[[ RECORDS FOR THE TASK open ]]

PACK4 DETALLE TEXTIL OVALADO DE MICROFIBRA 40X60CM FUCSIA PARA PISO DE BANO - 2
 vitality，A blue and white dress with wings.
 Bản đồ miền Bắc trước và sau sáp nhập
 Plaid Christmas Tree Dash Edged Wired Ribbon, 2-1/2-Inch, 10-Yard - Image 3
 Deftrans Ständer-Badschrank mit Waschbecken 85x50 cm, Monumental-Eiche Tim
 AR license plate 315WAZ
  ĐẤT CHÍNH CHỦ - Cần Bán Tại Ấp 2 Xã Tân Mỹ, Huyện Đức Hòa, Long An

[[ RECORDS FOR THE TASK closed ]]
[[ RECORDS FOR THE TASK open ]]

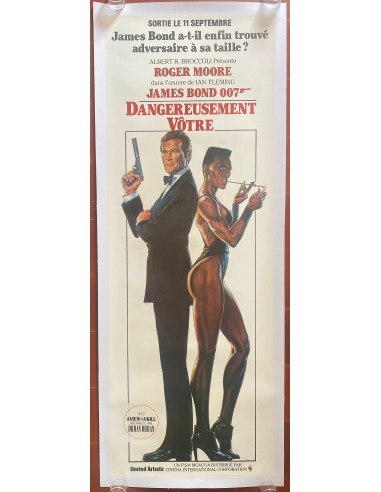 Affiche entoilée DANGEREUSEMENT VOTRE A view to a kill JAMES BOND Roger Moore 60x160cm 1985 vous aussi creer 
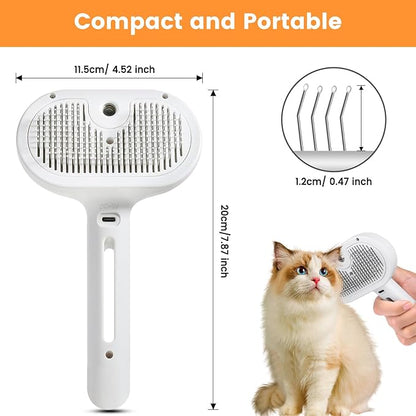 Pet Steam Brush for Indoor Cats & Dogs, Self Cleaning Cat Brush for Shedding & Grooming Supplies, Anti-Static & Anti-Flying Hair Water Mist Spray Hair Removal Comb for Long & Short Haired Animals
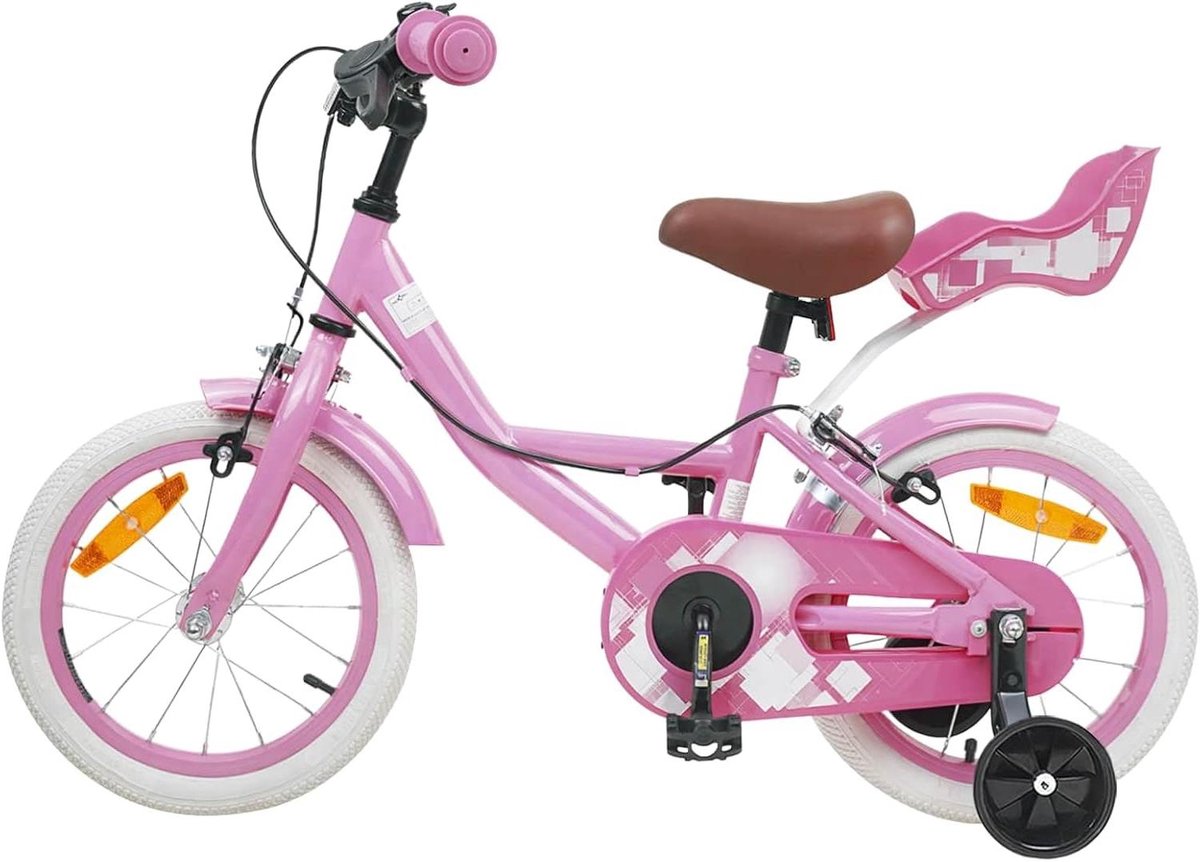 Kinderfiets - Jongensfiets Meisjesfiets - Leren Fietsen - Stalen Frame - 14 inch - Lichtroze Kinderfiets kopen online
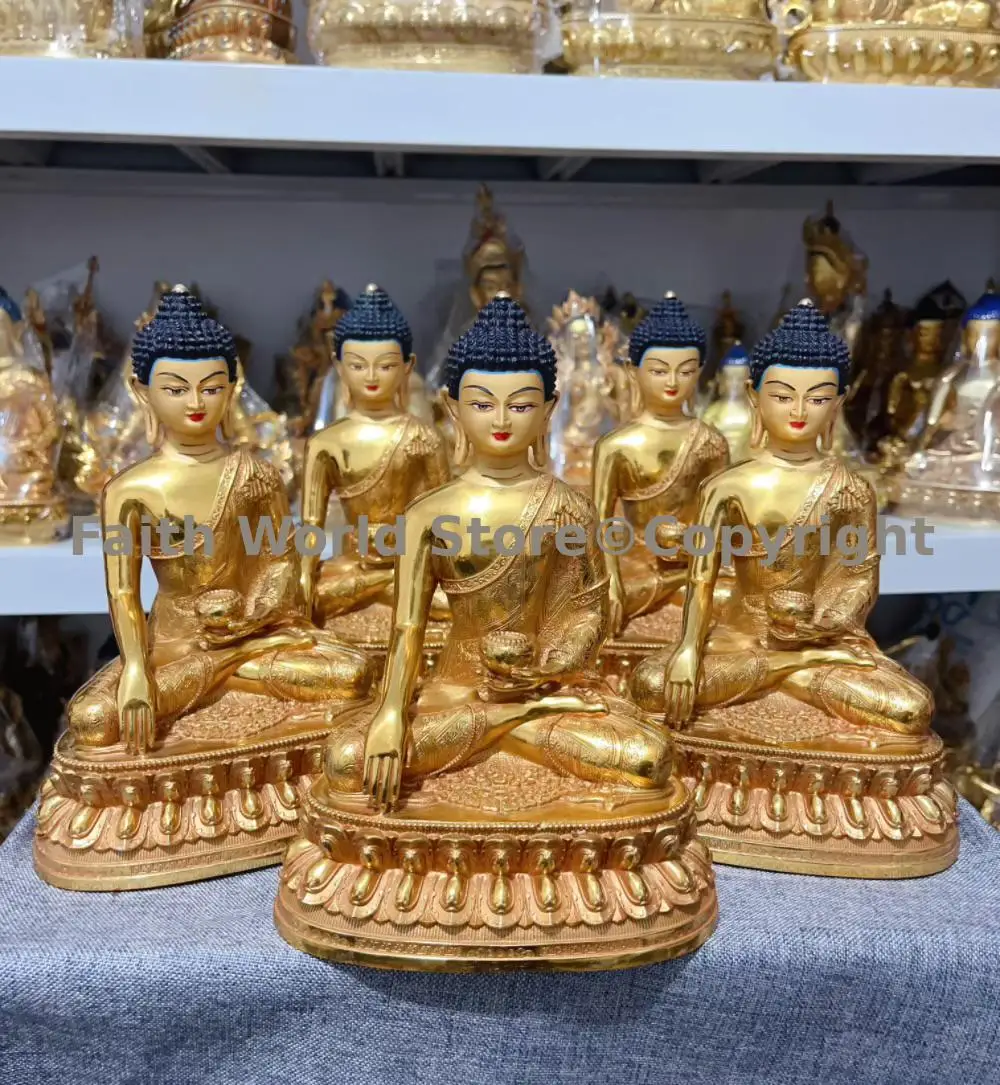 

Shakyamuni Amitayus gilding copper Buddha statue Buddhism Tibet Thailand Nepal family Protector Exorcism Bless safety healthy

[[ RECORDS FOR THE TASK closed ]]

Your task is to transcribe, with no changes, only the lines of the listing above that lie between the line holding "Deftrans Ständer-Badschrank mit" and the line holding "ĐẤT CHÍNH CHỦ", inclusive.

**TASK RESULT:**
 Deftrans Ständer-Badschrank mit Waschbecken 85x50 cm, Monumental-Eiche Tim
 AR license plate 315WAZ
  ĐẤT CHÍNH CHỦ - Cần Bán Tại Ấp 2 Xã Tân Mỹ, Huyện Đức Hòa, Long An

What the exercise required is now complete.